Goodwill Dominance Signals Integration Risk

Based on the provided balance sheet data, goodwill has reached $238.7 million as of 2026Q1, representing a substantial portion of the total asset base and indicating that the firm's valuation is heavily reliant on the successful integration of acquired intangible assets rather than tangible infrastructure.

The presence of significant goodwill suggests that the company has paid a premium for its recent acquisitions, which may be vulnerable to impairment if the expected synergies fail to materialize. The minimal PPE of $8.6 million further confirms an asset-light model that is highly sensitive to the performance of its acquired intellectual property.

Liquidity Buffer Faces Operational Pressure

According to the 2026Q1 balance sheet, GIG maintains a current ratio of 6.08, yet the absolute cash position of $100.7 million appears modest relative to the company's total liabilities of $71.3 million and the ongoing operational burn observed in previous periods.

While the current ratio suggests a comfortable short-term liquidity position, the volatility in cash levels over the past ten quarters indicates that the company's liquidity is highly dependent on capital market access. The firm's ability to maintain this buffer will likely depend on its success in stabilizing operations and reducing reliance on external financing.

Retained Earnings Reflect Structural Deficits

As indicated by the financial statements, GIG's retained earnings have deteriorated to a deficit of $922.3 million as of 2026Q1, a trend that highlights the significant historical losses accumulated during the company's transition from a shell vehicle to an operating entity.

This deep deficit in retained earnings suggests that the company has been consistently value-destructive on an accounting basis, likely due to transaction costs and operational inefficiencies.

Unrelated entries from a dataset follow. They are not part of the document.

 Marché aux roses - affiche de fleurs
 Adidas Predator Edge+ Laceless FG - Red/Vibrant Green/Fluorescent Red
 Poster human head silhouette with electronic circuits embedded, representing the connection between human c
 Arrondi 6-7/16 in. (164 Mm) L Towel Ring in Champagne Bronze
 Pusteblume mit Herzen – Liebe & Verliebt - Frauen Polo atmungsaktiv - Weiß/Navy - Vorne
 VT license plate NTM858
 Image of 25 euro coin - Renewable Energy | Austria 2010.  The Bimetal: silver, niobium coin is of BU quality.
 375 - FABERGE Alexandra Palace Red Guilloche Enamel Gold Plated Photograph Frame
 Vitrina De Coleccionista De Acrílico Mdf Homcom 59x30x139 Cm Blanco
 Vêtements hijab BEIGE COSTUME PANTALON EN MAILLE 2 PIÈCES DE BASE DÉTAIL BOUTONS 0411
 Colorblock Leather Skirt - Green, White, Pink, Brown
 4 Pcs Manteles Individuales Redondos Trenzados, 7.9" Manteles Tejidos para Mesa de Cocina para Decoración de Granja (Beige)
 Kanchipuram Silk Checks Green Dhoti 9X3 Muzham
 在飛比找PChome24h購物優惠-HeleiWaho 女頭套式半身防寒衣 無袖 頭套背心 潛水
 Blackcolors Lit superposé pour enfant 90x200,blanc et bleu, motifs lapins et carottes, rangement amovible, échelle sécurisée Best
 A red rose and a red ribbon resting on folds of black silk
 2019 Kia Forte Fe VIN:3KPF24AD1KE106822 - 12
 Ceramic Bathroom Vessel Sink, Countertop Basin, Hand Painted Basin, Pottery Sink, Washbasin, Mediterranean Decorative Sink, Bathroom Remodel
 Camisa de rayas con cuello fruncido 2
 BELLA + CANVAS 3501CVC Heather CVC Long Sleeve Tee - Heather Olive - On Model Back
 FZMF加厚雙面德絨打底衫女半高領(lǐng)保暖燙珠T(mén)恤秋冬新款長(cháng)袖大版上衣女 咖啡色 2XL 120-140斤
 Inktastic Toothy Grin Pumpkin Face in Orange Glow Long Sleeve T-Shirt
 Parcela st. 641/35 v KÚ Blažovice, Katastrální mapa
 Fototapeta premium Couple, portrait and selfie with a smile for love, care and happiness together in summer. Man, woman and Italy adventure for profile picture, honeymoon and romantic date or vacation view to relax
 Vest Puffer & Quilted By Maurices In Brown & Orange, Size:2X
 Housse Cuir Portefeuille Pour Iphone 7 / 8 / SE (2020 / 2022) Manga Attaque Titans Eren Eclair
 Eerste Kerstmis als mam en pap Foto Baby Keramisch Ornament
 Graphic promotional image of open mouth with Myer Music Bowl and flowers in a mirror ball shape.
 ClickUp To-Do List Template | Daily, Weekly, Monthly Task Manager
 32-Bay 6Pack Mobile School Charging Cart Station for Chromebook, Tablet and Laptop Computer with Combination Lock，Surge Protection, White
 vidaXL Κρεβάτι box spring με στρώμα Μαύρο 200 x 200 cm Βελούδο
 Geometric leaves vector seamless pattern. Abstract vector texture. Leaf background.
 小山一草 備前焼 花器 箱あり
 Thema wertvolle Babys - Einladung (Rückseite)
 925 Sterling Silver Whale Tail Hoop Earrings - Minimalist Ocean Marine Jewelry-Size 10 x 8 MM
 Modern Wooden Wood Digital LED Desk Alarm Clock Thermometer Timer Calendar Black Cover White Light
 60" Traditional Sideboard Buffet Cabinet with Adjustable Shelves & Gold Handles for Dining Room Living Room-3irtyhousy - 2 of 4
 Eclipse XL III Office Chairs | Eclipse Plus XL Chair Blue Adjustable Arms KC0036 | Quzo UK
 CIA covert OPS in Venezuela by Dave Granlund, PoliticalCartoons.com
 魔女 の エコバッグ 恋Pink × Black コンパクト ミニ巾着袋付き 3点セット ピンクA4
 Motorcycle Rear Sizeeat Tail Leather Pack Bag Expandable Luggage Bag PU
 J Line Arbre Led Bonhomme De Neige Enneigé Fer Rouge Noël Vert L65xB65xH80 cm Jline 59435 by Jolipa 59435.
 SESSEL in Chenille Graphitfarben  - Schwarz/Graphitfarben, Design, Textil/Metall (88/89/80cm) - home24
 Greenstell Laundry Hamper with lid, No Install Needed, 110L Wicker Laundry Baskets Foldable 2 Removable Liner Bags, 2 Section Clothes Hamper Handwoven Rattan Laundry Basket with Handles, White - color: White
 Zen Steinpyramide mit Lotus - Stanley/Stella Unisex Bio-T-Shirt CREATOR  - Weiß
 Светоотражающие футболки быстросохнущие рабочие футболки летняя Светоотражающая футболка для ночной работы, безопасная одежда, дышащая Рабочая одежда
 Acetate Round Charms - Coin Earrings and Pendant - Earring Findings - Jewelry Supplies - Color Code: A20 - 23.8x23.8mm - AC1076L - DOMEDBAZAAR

Investors should interpret this as a signal that the company must achieve rapid profitability to reverse the erosion of shareholder equity.

Hidden Risks in Liability Composition

Based on the reported figures, the jump in total liabilities to $282.7 million in 2025Q4, followed by a reduction to $71.3 million in 2026Q1, suggests significant volatility in the company's debt or warrant obligations that could mask underlying financial health.

The rapid fluctuation in liabilities may indicate the settlement of acquisition-related debt or the revaluation of complex financial instruments. Analysts should investigate whether these movements represent a permanent deleveraging or merely a temporary accounting adjustment that could reverse in future reporting periods.

GIG — Frequently Asked Questions

Quick answers to the most common questions about buying GIG stock.

What are the total assets of GigCapital7 Corp. (GIG)?

As of 2025, GigCapital7 Corp. (GIG) had total assets of $894.5M including $330.5M in current assets.

How much debt does GigCapital7 Corp. (GIG) have?

GigCapital7 Corp. (GIG) carries total debt of $24.3M. Comparing total debt to cash helps evaluate the company's debt burden and net leverage.

What is the book value or shareholders' equity of GigCapital7 Corp.?

GigCapital7 Corp. (GIG) has total shareholders' equity (book value) of $611.9M ($0.17 book value per share). Book value represents the net worth of the company belonging to common stock holders.

What is GigCapital7 Corp.'s current ratio and liquidity?

GigCapital7 Corp. (GIG) reported a current ratio of 1.78x. A current ratio above 1.0x indicates that the company has more current assets than current liabilities, suggesting sufficient short-term liquidity.